You are writing a SQL query to filter data from a database that describes trees in Omaha, Nebraska. You want to only display entries for trees that have a diameter of 30 inches. The name of the table you’re using is Nebraska_trees and the name of the column that shows the diameters of the trees is trunk_diameter. What is the correct query syntax that will retrieve and filter data from this table?

A. SELECT Nebraska_trees WHERE trunk_diameter = 30

B. SELECT trunk_diameter = 30 FROM Nebraska_trees

C. SELECT * FROM Nebraska_trees WHERE trunk_diameter = 30

D. SELECT * FROM trunk_diameter WHERE Nebraska_trees = 30

The correct query is C. SELECT * FROM Nebraska_trees WHERE trunk_diameter = 30

Question 12

Consistent naming conventions describe which properties of a file? Select all that apply.

  • Content
  • Version
  • File location
  • Creation date

Explain: Consistent naming conventions describe the content, creation date, and version of a file.

Optional: Your diagnostic quiz score and what it means

Use your score to help you determine whether you should take the speed track. The speed track allows you to skip over the lesson material and go straight to the weekly challenges and the course challenge, which lead to your final course score. In order to earn your certificate, you will need an overall score of 80% or higher on all graded materials in this program. Read on to figure out your next steps based on your quiz score:

If you scored 100% on the diagnostic quiz:

  • You’re probably very familiar with types of data and data structures and can take the speed track to move on to Course 4.
  • You must take each of the weekly challenges and the course challenge, which will count toward the 80% overall score needed to earn the certificate. To help you find these items more quickly, we’ve identified them with asterisks in the course materials (for example: course challenge).
  • After you complete the weekly challenges and course challenge, proceed to Course 4.
  • You’re welcome to review videos, readings, and activities throughout the course based on your interests.

If you scored between 90% and 99% on the diagnostic quiz:

  • You’re probably familiar with the types of data and data structures and might consider taking the speed track to move on to Course 4.
  • However, we still recommend that you go through the Course 3 lesson materials to review areas where you might have some gaps before proceeding to Course 4.
  • You must take each of the weekly challenges and the course challenge, which will count toward the 80% overall score needed to earn the certificate. To help you find these items more quickly, we’ve identified them with asterisks in the course materials (for example: course challenge).
  • After you complete the weekly challenges and course challenge, proceed to Course 4.
  • You’re welcome to review videos, readings, and activities throughout the course based on your interests.

If you scored between 80% and 89% on the diagnostic quiz:

  • You likely have some background knowledge on types of data and data structures.
  • However, we recommend that you go through the Course 3 lesson materials to review areas where you might have some gaps before proceeding to Course 4.
  • You must take the weekly challenges and the course challenge, which will count toward the 80% overall score needed to earn the certificate.
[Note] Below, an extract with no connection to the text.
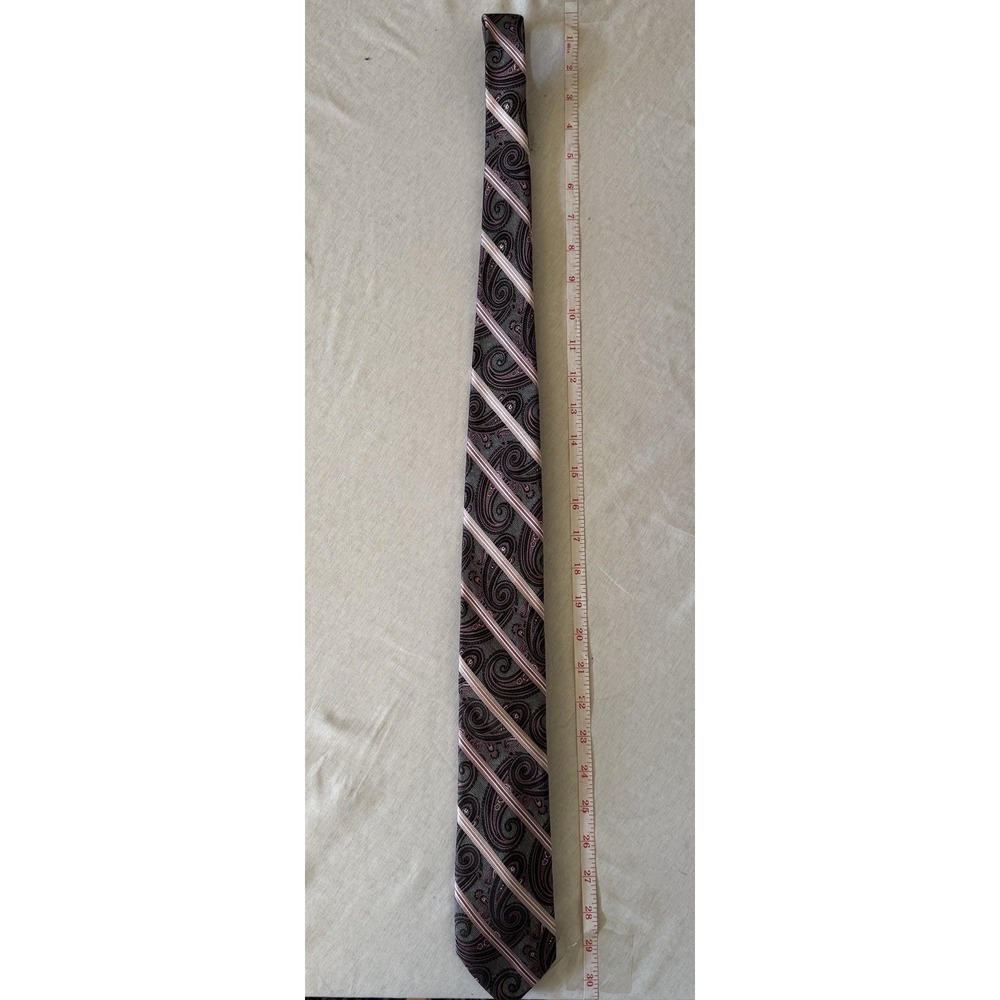 Men's 100% Silk Necktie Paisley Stripe Black Purple Handmade 57"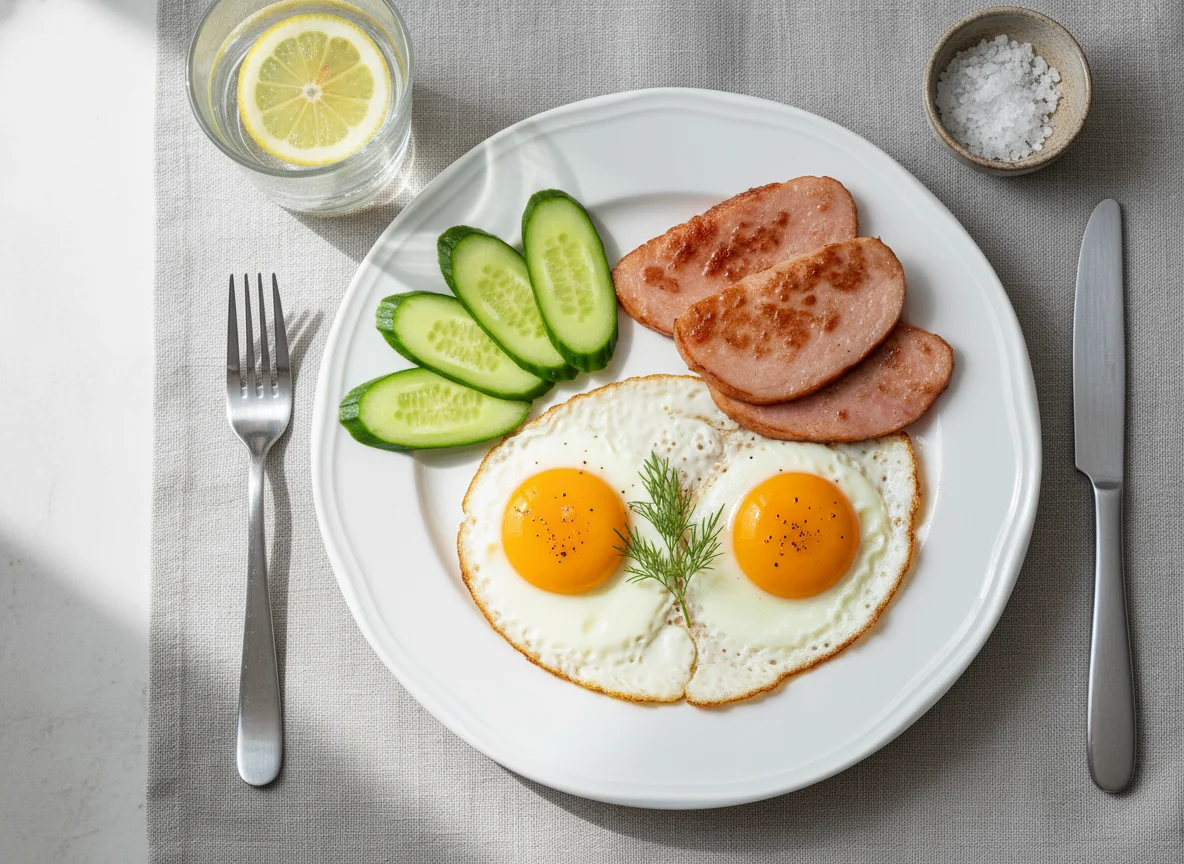 Breakfast Plate with Eggs, Turkey Ham, and Cucumber photo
To help you find these items more quickly, we’ve identified them with asterisks in the course materials (for example: course challenge).

If you scored less than 80% on the diagnostic quiz:

  • No problem — this course was made for you!
  • We strongly recommend that you go through all of the Course 3 videos, readings, and activities, as the concepts taught are building blocks that will set you up for success on your learning path.
  • You must take the weekly challenges and the course challenge, which will count toward the 80% overall score needed to earn the certificate.

Regardless of your score, the course material can help you supplement or identify gaps in your knowledge. Whether you take the speed track or complete the certificate at the recommended pace, good luck on your data endeavors!